I replayed my parents' words, my Mamá’s tears, my father’s soft voice. Someone opened the door behind me, and I heard people discussing loudly until it was shut again. A coat was wrapped around my shoulders, and then two arms snuck around my waist. A chin fell onto my shoulder. “Do you want to leave?” Lluvia asked.
“I just had to think,” I said, leaning back against Lluvia’s chest. “One minute, I think they find me disgusting, and the next, they’re standing in front of me and apologizing and telling me they never stopped loving me.”
“Can you forgive them?”
“Yes,” I said. It was the truth—one I couldn’t tell them yet. Unconditional love didn’t just run one way. “But I need to know they really don’t care, and that’s going to take time and actions. Not just words.” I paused for a moment. “They also need to do one more thing.”
I moved out of Lluvia’s arms, taking her hand quickly, and walked inside the house. The dining room went silent when I stepped inside with Lluvia.
“I'm not the only one you need to apologize to,” I told my parents. My words were strong, and they made me feel like I held some power.
“We know,” Mamá said, and she stepped forward to stand in front of Lluvia. Lluvia looked at me, and I nodded. “What we did to you was disrespectful. We should’ve never, ever treated you the way we did and said those things.”

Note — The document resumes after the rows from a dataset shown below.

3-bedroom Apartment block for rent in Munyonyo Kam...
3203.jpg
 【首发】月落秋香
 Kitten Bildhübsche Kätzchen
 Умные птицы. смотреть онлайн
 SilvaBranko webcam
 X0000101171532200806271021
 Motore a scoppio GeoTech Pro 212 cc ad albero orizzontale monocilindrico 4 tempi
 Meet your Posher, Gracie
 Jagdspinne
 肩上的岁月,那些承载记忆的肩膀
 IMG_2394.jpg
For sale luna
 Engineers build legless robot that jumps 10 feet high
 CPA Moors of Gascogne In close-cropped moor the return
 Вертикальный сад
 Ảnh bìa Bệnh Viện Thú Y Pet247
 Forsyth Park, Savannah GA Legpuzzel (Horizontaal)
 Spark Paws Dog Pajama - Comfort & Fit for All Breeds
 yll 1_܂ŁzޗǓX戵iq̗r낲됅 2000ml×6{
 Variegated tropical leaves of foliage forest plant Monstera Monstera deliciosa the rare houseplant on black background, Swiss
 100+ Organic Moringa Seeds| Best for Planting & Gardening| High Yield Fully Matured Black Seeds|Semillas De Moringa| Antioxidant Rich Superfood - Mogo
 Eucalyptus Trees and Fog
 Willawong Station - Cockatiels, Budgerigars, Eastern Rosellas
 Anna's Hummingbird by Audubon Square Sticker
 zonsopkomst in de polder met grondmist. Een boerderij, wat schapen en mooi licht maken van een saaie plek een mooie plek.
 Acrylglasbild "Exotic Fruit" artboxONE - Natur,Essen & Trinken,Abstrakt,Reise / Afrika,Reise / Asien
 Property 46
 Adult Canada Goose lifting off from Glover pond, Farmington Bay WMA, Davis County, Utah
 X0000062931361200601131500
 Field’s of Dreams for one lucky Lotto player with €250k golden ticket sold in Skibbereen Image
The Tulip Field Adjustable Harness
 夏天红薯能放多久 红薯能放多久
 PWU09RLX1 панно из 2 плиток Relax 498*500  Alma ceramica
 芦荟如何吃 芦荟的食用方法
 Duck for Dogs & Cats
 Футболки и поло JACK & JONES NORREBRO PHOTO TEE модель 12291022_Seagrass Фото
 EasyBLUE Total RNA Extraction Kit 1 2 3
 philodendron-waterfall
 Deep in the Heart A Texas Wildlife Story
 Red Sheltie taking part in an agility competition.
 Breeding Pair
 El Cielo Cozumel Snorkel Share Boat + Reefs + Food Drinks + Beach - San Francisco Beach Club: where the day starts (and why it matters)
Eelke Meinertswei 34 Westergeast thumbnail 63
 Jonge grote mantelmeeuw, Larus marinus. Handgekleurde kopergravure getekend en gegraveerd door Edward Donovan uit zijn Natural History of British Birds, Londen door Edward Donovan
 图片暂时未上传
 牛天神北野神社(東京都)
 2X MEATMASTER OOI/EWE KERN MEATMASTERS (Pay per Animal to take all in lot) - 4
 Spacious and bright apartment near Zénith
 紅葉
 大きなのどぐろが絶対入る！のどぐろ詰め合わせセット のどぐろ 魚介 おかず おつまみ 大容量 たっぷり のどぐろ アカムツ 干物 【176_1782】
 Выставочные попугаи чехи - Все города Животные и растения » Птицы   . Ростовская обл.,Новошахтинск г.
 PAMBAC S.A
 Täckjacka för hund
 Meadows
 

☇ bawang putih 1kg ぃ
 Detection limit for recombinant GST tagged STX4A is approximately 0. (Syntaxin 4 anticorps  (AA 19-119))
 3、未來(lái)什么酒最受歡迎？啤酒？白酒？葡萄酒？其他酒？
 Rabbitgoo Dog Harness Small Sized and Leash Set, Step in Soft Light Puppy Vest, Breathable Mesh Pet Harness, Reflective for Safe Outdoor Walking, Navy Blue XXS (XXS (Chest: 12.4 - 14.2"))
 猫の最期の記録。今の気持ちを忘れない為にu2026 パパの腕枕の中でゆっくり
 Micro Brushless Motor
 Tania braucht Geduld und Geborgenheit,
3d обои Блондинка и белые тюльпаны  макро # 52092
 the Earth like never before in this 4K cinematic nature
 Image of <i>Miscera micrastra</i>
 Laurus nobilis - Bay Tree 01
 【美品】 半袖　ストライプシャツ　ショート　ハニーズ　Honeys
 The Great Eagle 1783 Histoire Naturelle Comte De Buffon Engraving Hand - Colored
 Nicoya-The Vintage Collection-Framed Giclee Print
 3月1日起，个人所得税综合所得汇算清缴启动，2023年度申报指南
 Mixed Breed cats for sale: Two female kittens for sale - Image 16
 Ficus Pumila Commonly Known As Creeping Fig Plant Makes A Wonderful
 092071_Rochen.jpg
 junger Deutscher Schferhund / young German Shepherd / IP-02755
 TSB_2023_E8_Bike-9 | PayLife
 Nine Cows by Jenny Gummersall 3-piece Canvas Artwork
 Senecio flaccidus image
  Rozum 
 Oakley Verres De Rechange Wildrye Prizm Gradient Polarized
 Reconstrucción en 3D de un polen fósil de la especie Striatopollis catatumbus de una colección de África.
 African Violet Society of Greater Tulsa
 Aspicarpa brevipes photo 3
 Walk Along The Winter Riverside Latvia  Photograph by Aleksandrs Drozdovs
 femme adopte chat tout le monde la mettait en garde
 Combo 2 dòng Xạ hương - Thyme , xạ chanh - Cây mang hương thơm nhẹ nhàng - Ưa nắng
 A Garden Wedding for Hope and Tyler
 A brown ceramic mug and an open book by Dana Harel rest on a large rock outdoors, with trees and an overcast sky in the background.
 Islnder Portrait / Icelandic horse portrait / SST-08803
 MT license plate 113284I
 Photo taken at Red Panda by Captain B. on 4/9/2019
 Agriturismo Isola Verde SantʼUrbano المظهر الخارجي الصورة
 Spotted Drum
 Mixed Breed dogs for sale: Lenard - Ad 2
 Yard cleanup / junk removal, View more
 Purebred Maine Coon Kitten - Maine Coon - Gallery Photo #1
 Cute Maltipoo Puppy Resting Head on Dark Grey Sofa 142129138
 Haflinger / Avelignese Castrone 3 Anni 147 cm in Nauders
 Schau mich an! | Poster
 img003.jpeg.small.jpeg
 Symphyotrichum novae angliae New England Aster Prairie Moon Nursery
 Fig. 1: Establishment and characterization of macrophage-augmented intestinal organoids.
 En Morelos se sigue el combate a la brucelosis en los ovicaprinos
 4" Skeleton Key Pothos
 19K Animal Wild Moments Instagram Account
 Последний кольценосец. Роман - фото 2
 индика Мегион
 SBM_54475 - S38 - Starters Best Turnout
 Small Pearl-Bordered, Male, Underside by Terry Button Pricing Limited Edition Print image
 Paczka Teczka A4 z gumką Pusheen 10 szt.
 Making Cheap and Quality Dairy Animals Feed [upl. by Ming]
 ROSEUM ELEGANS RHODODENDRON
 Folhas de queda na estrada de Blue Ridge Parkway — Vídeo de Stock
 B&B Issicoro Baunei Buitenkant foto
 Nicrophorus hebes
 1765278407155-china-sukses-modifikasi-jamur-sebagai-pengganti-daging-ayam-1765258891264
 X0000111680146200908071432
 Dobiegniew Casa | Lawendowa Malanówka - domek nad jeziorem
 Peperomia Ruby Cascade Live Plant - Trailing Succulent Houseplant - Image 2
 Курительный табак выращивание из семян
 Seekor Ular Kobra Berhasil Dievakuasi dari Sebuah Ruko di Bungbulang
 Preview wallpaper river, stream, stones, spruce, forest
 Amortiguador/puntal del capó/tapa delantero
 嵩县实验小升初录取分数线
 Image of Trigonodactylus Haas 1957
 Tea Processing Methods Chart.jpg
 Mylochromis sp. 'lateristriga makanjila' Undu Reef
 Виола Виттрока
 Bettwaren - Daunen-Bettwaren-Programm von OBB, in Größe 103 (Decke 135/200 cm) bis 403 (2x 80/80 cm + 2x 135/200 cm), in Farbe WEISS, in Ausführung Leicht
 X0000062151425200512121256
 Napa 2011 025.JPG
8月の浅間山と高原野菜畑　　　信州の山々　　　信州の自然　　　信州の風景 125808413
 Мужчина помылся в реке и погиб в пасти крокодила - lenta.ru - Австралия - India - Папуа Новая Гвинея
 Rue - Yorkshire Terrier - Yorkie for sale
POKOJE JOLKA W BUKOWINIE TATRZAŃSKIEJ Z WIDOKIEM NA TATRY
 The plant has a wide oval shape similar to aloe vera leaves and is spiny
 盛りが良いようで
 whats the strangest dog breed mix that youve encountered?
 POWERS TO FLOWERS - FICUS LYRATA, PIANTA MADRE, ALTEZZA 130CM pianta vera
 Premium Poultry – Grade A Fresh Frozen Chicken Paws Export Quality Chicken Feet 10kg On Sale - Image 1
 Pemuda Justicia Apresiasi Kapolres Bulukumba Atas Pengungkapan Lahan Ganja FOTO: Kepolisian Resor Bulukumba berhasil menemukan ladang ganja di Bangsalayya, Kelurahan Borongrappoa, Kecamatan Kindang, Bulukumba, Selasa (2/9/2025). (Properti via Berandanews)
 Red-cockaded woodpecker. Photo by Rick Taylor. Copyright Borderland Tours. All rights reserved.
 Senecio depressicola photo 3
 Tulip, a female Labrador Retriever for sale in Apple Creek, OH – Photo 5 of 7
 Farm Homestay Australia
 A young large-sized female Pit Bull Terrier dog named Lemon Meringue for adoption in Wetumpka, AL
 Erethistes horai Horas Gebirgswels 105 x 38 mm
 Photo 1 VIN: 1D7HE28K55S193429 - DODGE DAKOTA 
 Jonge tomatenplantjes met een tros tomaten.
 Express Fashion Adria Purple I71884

“You make Maya happy, that much is clear,” Papá said. “What you look like shouldn’t matter. We're deeply sorry, and we hope that one day, we can build a relationship too. We mean that.”
“I, uh, I hope that can happen one day too.” I squeezed her hand and smiled. There was a moment of awkward silence until Julian said, “What now?”
“We eat,” I said. “All of us.”
Mamá smiled again. This time the tears in her eyes were of joy. I could tell they both wanted to hug me, but they held back. I appreciated that.
After adding two more chairs and a couple of plates, we were all eating again. I looked at Alex, and he hesitantly met my eyes. When I nodded at him and relief flooded those brown eyes. I turned back to my parents.
“So,” Mamá said, looking at Lluvia. “How’s your apartment looking?”
At that moment, I knew we’d be alright, no matter how long it took for our relationship to get back on track.
Lluvia and I laughed as we stepped out of the car, into the sudden rain and toward the door. The night had turned out alright after all. Lluvia kissed me before we went inside, and I looked at the tree in the front yard. The six leaves were still holding on, despite the rain and the wind and the attacks. They were strong enough, after all.